U-Shapelet (unsupervised shapelet) clustering for time series.

Discovers discriminative subsequences (shapelets) that separate groups of time series, then clusters in shapelet-distance space.

References

  • Zakaria, J. et al. (2012). Clustering Time Series Using Unsupervised-Shapelets. ICDM.

UShapeletClusterer

Unsupervised shapelet-based time series clustering.

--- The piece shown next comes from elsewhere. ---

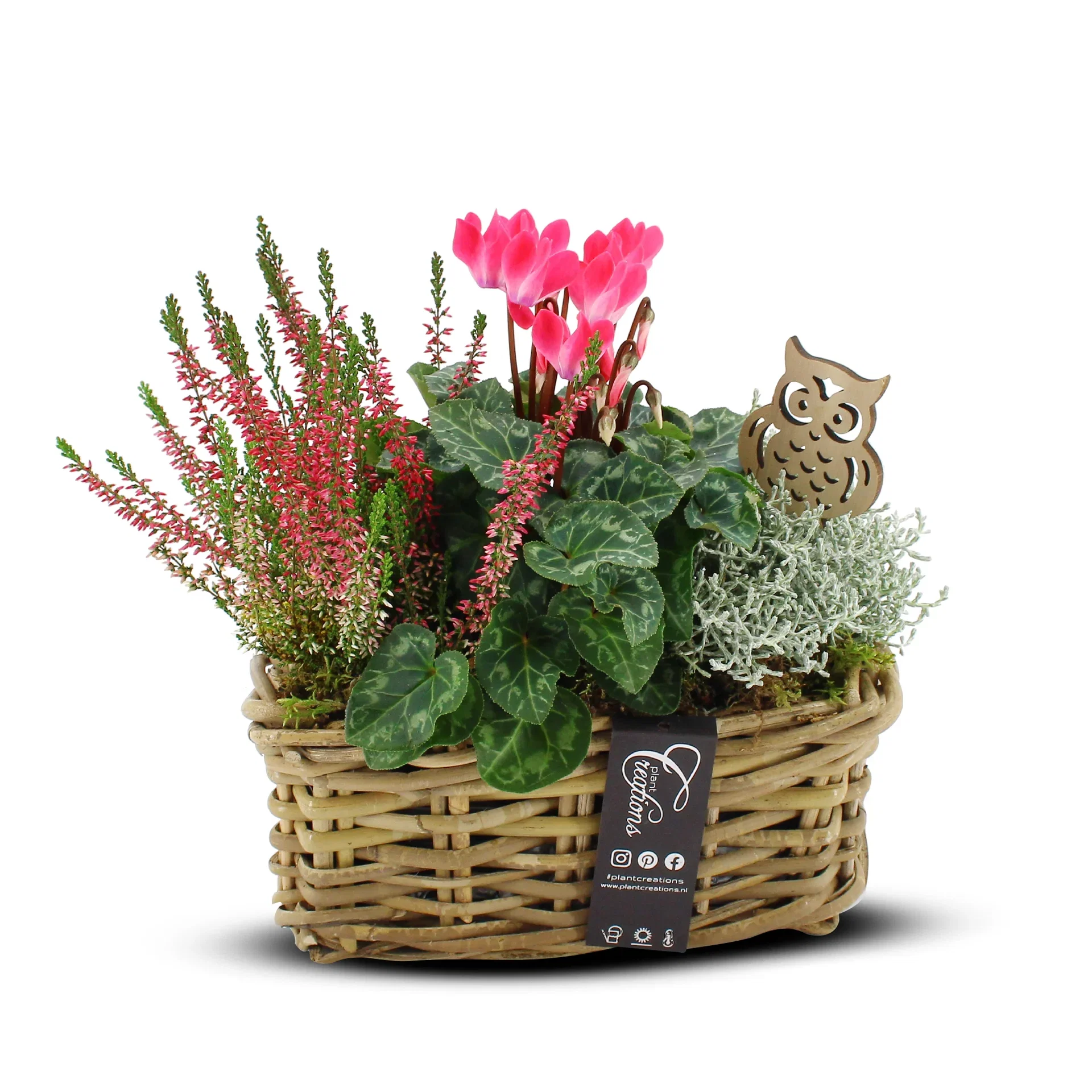 Autumn dec. Outdoor in basket white/pink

Discovers discriminative subsequences (shapelets) and clusters series by their shapelet distances.

Parameters

n_clusters Number of clusters. n_shapelets Number of shapelets to select. shapelet_lengths Candidate shapelet lengths to consider. n_candidates Number of random shapelet candidates to evaluate. target_col Column with the values to cluster. id_col Column identifying each time series. time_col Column with timestamps for ordering. seed Random seed for reproducibility. max_iter Maximum k-means iterations.

fit(df)

Discover shapelets and cluster time series.

Parameters

df Input DataFrame with time series data.

Returns

Self

_extract_series(df, target_col, id_col, time_col)

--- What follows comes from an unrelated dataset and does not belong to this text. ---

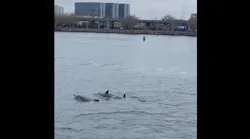 A NYPD boat received an escort of at least five dolphins as it patrolled Flushing Bay in Queens on Sunday.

Extract series as a zero-padded 2-D array (n_series, max_len).

_subsequence_distance(shapelet, series)

Minimum sliding-window Euclidean distance between shapelet and series.

_extract_candidates(X, shapelet_lengths, n_candidates, rng)

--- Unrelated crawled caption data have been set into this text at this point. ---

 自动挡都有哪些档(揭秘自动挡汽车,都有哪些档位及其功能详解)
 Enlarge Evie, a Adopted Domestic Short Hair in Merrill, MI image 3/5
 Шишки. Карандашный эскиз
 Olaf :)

Extract random shapelet candidates from the dataset.

_score_shapelet(shapelet, X)

Score a shapelet candidate using the gap statistic.

Computes the distances from the shapelet to all series, then finds the split point that maximizes the gap between successive sorted distances. A larger gap means the shapelet better separates series into two groups.

_kmeans_1d(distances, k, rng, max_iter=100)

Run k-means on a distance-feature matrix.

shapelet_cluster(df, k=3, n_shapelets=10, shapelet_lengths=None, n_candidates=100, target_col='y', id_col='unique_id', time_col='ds', seed=42, max_iter=100)

Discover U-Shapelets and cluster time series.

Convenience function wrapping :class:UShapeletClusterer.

Parameters

df Input DataFrame with time series data. k Number of clusters. n_shapelets Number of shapelets to select. shapelet_lengths Candidate shapelet lengths to consider. n_candidates Number of random shapelet candidates to evaluate. target_col Column with the values to transform. id_col Column identifying each time series. time_col Column with timestamps for ordering. seed Random seed for reproducibility. max_iter Maximum k-means iterations.

Returns

pl.DataFrame DataFrame with columns [id_col, "cluster"].